Biker Mice From Mars

Biker Mice from Mars

Biker Mice from Mars

Someone call Rentokil.

As comebacks go, this seemed as likely as Babylon Zoo filling the Albert Hall in 2007. And yet, here it is. Biker Mice from Mars, one of the least imaginative Ninja Turtles knock-offs to soil TV screens back in the early 90s, has been revived and is now - if the PR speak is to be believed - the top-rated show on Children's ITV. What next? A blockbuster Samurai Pizza Cats movie?

This newfound lease of life provides vital context when reviewing the inevitable videogame spin-off. Had this just been some cheap license dusted off by a fledgling developer in the hopes of establishing a foothold in the market, then it would still be a grievous example of shoddy game design, but at least the collateral damage would be minimal, kind of like those old 1.99 Huckleberry Hound games that cluttered up the ZX Spectrum shelves as the 8-bit era wheezed to a halt.
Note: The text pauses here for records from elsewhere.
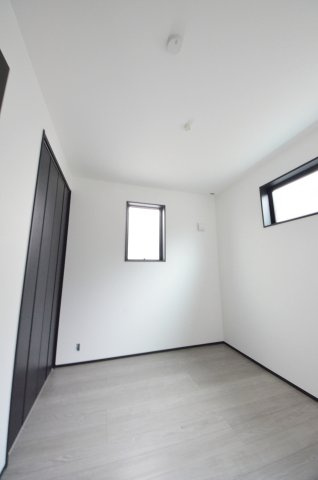 大芝二丁目の洋室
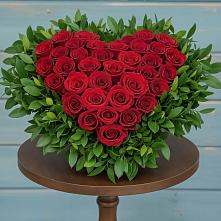 Цветочная композиция из Розы в виде сердца в Сабурово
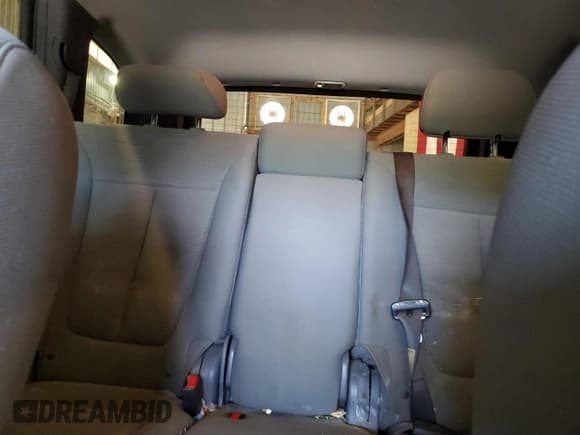 ✅ 2010 Hyundai Santa Fe GLS • VIN: 5NMSGDABXAH338163 • Lot: 69067884. Listed on Copart with 202,276 mi. Free auction sales archive from the USA and detailed vehicle history report at DreamBid. Image 10.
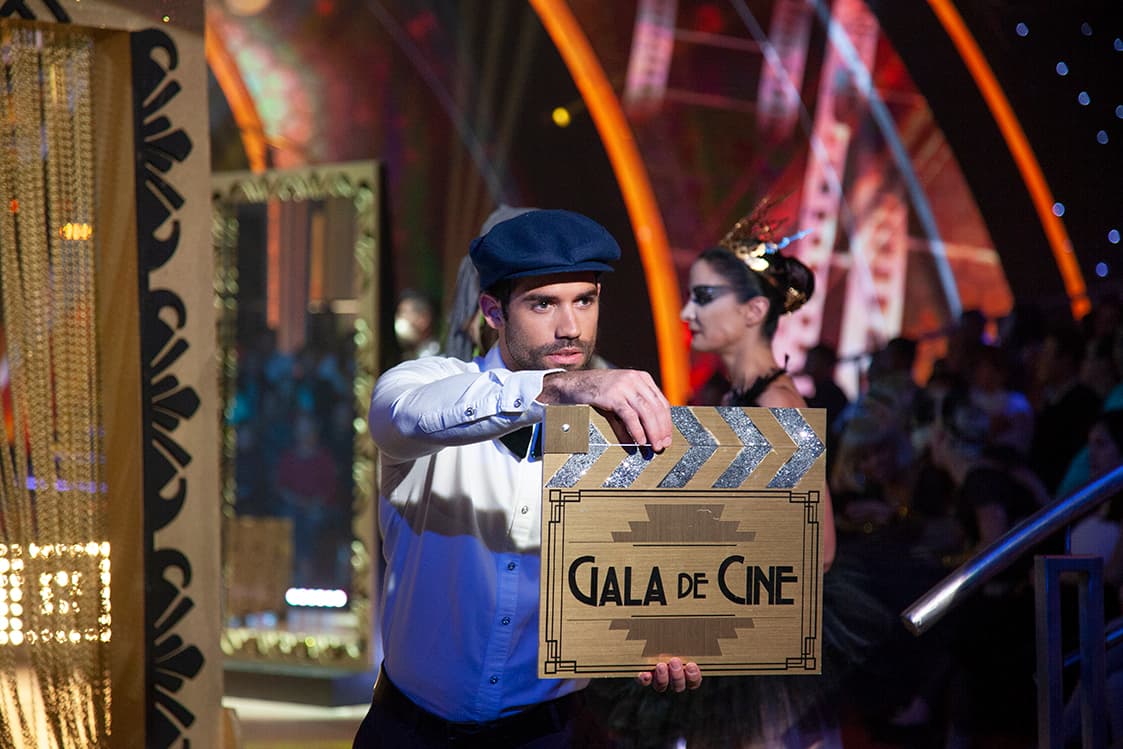 La sexta gala de Mira Quién Baila tuvo como tema principal el cine. Seis coreografías inspiradas en cintas musicales, dramas, ciencia ficción y comedias ocuparon esta noche la pista. Los jueces –que se presentaron disfrazados, Lola como La reina de corazones, Joaquín Cortés como Jack Sparrow y Dayanara Torres como el Cisne negro– se unieron al openning.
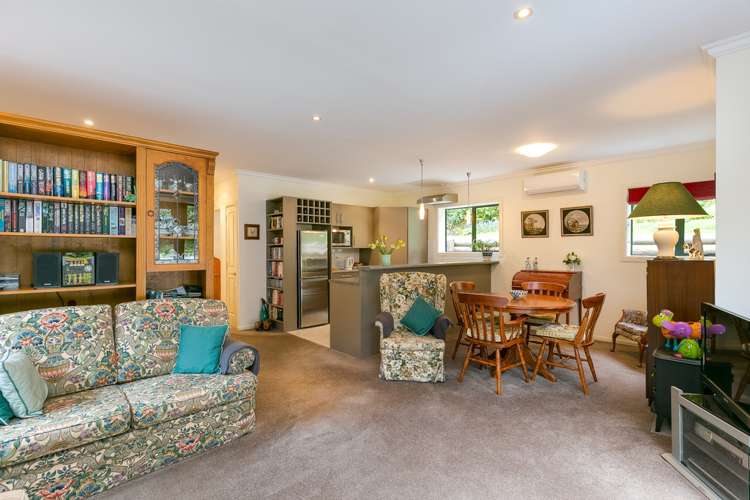 43 Futuna Close Karori_4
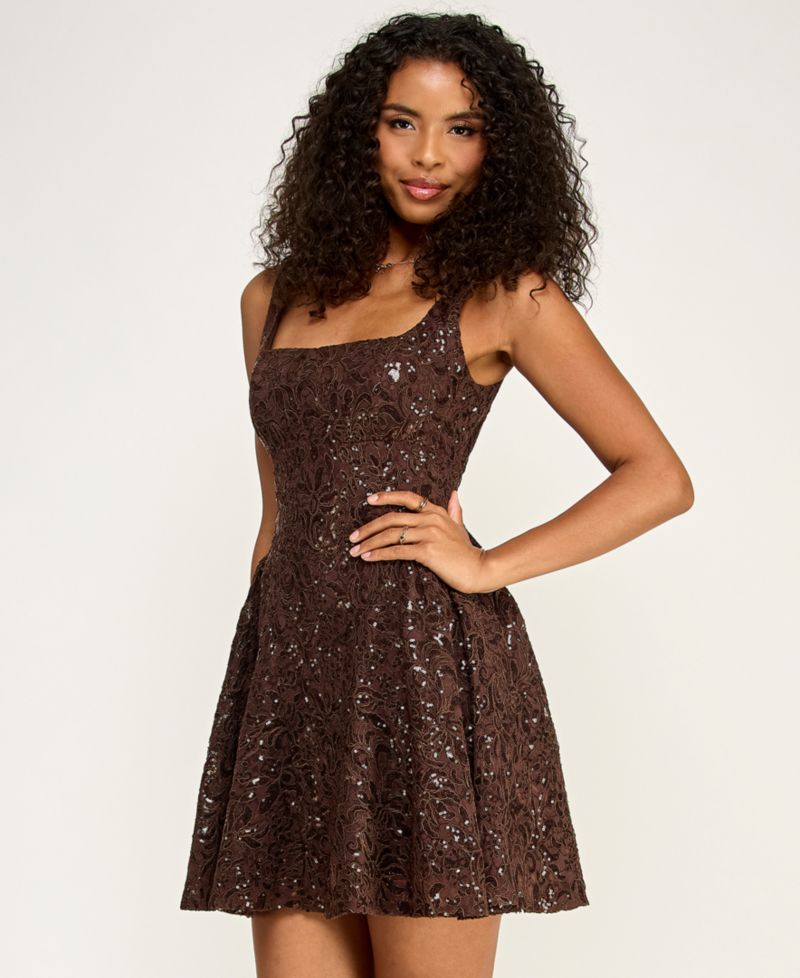 Juniors' Embroidered Sleeveless Square Neck Dress
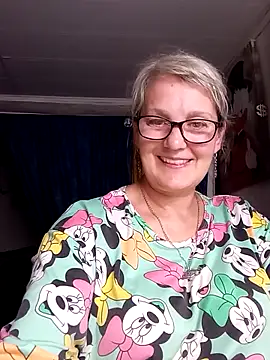 Snapshot of irinamaux chatting on 6, 6, 2026 irinamaux online show from 6, 6, 2026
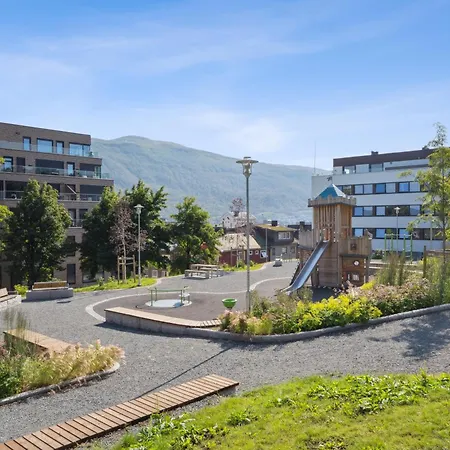 Warm And Charming Centre In Leilighet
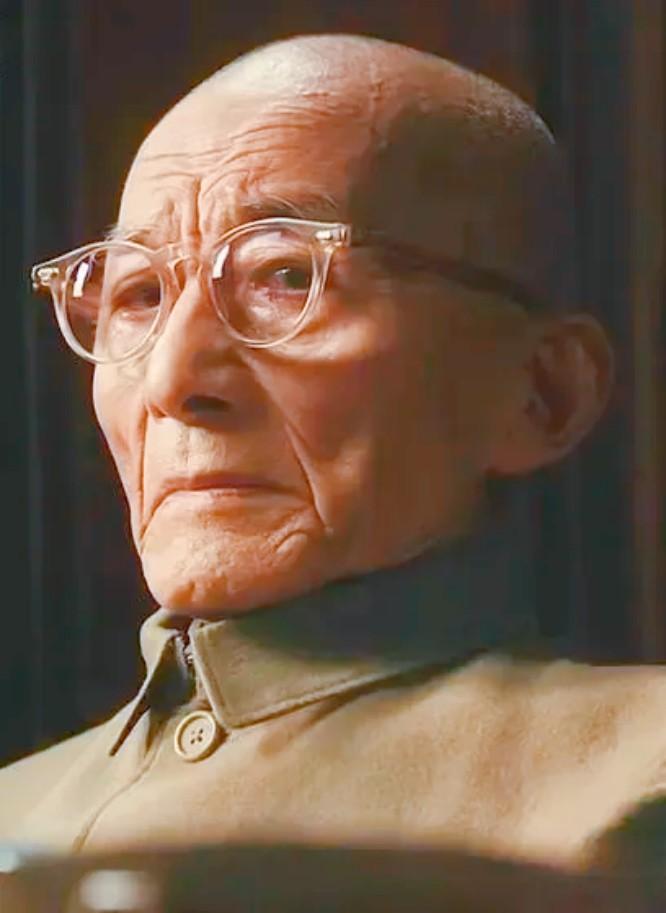 《繁花》中爷叔的这一段话非常治愈：

“年龄越大，越学会了顺其自然，不想再挽留什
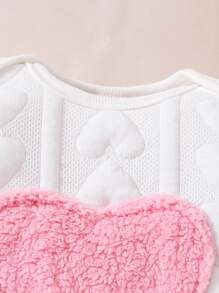 Conjunto de pijama de bebé niña con body con estampado de corazones blancos acolchado de manga larga y gorro para el invierno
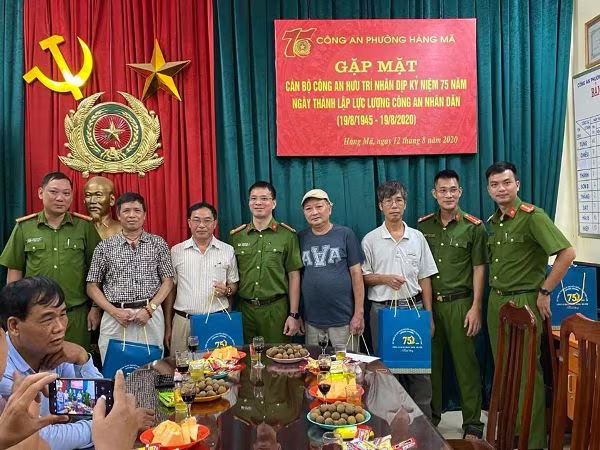 Các đơn vị CAP trên địa bàn cũng tổ chức những hoạt động thăm hỏi, tri ân, chúc mừng các đồng chí nguyên là lãnh đạo, chỉ huy trên địa bàn nhân dịp 19-8 Các đơn vị CAP trên địa bàn cũng tổ chức những hoạt động thăm hỏi, tri ân, chúc mừng các đồng chí nguyên là lãnh đạo, chỉ huy trên địa bàn nhân dịp 19-8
Yes, they were crap - but nobody bought them, so nobody cared.

However, if Biker Mice from Mars does have a new audience of eager young fans, then there's a good chance that some Christmas mornings are going to be (or already have been) soiled by what is, quite honestly, the worst game I've played in recent memory. And I speak as someone who reviewed both Family Guy and The Sopranos in the last few months.